За ним последовал лакей-француз, состоявший в услужении у одного из свитских дворян герцога де Гиза, однако он был схвачен в Гаэте и подвергнут допросу с пристрастием. Но, поскольку он позаботился уничтожить имевшиеся при нем депеши и у него хватило мужества ни в чем не признаться, его выслали обратно в Рим, хотя и с вывихнутыми ногами.
Все эти неудачи не обескуражили герцога де Гиза. Правда, не он понес наказание за проявленное им упорство.
Не пожалев золота, герцог де Гиз уговорил двух молодых итальянцев в свой черед предпринять ту же рискованную затею; они оказались удачливее и добрались до Чиччо Арпайи.

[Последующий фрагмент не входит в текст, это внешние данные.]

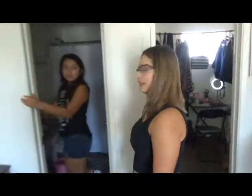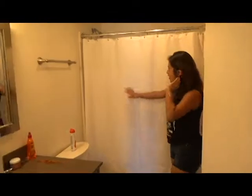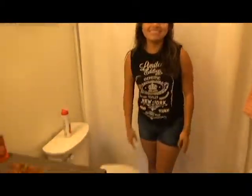And then we have a really big restroom. We have a toilet. All right.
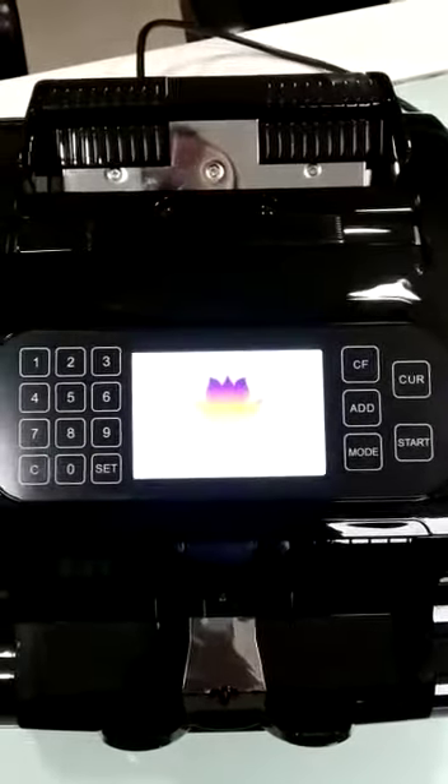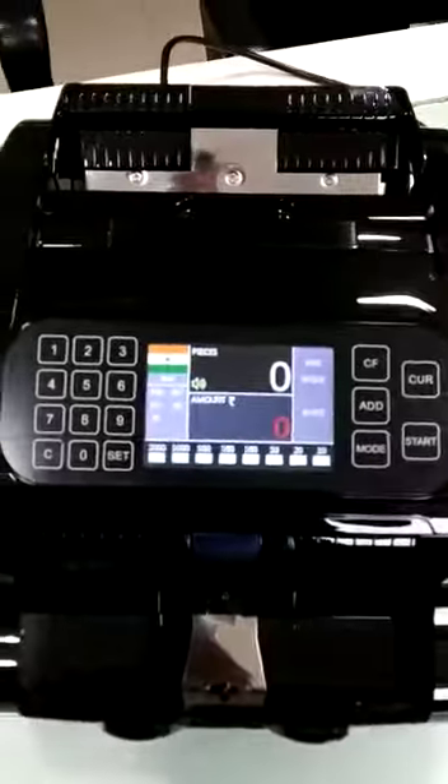Welcome to Lotus Impacts. This is our new model LT6000PRO with fully touch key panel and extra side display.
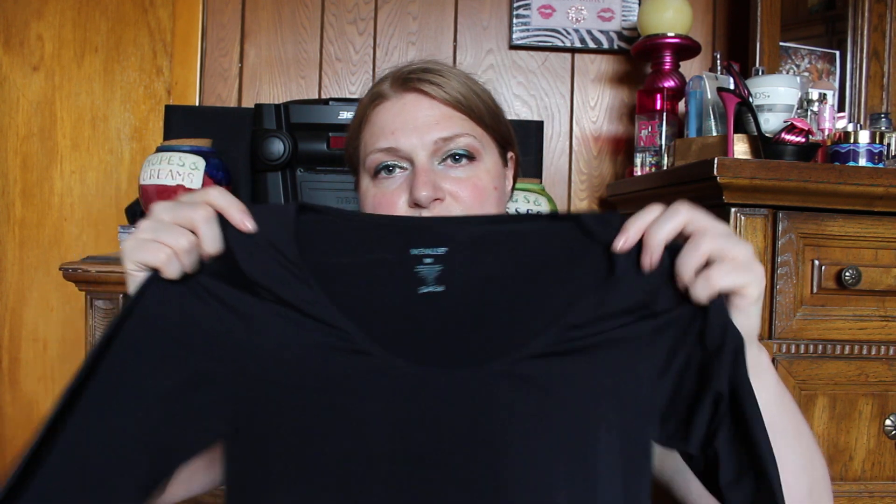Now this was on back order — this was ordered back in February. This is just a top from Venus, just a plain black top and it's super, super soft. It was such a great price at the time and it finally showed up. You can't go wrong with a basic piece like this, I think it might have been $8. It was very reasonable, and you gotta have stuff like this in your wardrobe.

Арпайя не колеблясь ответил согласием на полученное предложение, и, поскольку у герцога де Гиза достало хитрости выставить свою кандидатуру в качестве всего лишь главы республики, слово «республика», отвечавшее неаполитанским обычаям, настолько обольстило неаполитанцев, что народ и его вожаки восторженно встретили предложение герцога.

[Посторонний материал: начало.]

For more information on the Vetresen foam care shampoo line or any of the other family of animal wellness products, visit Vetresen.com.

Не забудем, что, пока наш герой предпринимал все эти попытки, Мазаньелло, в свой черед, был изрешечен пулями, растерзан на куски, выволочен в грязи и объявлен гнусным предателем.
Правда, уже через день, проявив величайшее тщание, те же самые куски отыскали, как можно аккуратнее приладили друг к другу, собрав воедино это бедное растерзанное тело, затем положили его на носилки, обитые бархатом, и принялись носить по улицам, провозглашая, что тот, кому оно принадлежало, был не только мучеником, но и святым.

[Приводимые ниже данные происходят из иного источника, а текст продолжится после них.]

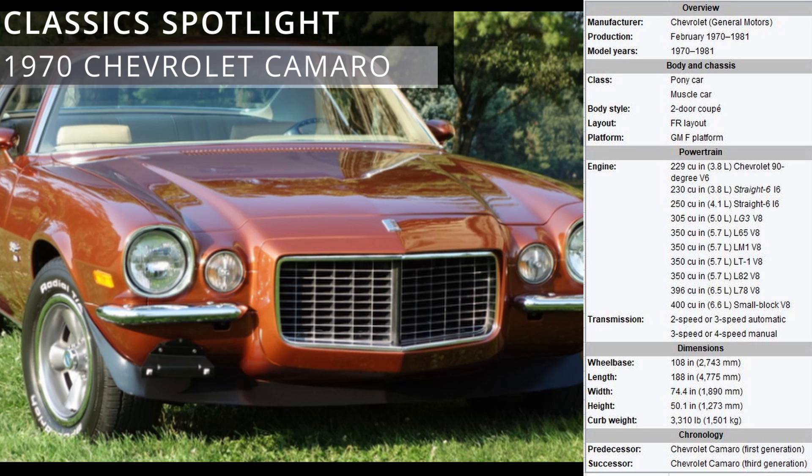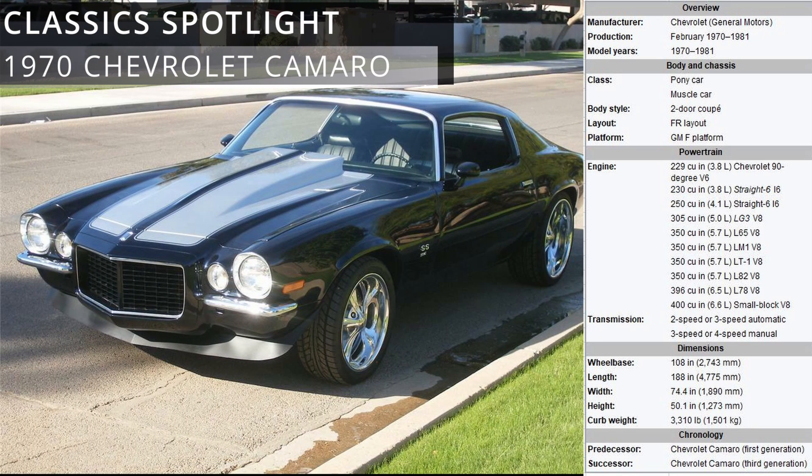Dubbed the 'Superhugger,' the second generation Camaro was an all-new Camaro with its basic mechanical layout familiar and engineered much like its predecessor, with a unibody structure utilizing a front subframe, A-arm, and coil spring front suspension and rear-leaf springs. The chassis and suspension of the second generation were refined in both performance and comfort.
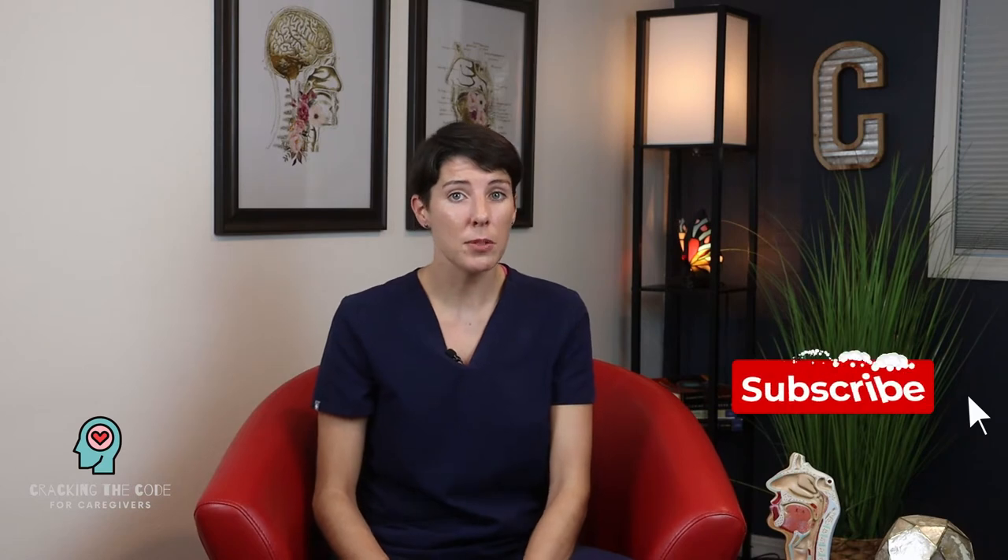If you're new or haven't subscribed to my channel, please do so, because this video is part one of a four-part series that you won't want to miss.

Произошло это несколько поздновато, но, как говорит пословица, безжалостная, как и все пословицы, «Лучше поздно, чем никогда».
Как только герцог де Гиз обрел уверенность в согласии со стороны Арпайи и вожаков народа, он написал своему брату, шевалье де Гизу, письмо с просьбой сообщить о его замыслах кардиналу и королеве и от его имени заверить их, что все его дальнейшие шаги будут совершаться исключительно во имя славы и блага французской королевской династии.
План его был одобрен как королевой, так и кардиналом, и герцогу де Гизу была предоставлена полная свобода действовать по его собственному усмотрению.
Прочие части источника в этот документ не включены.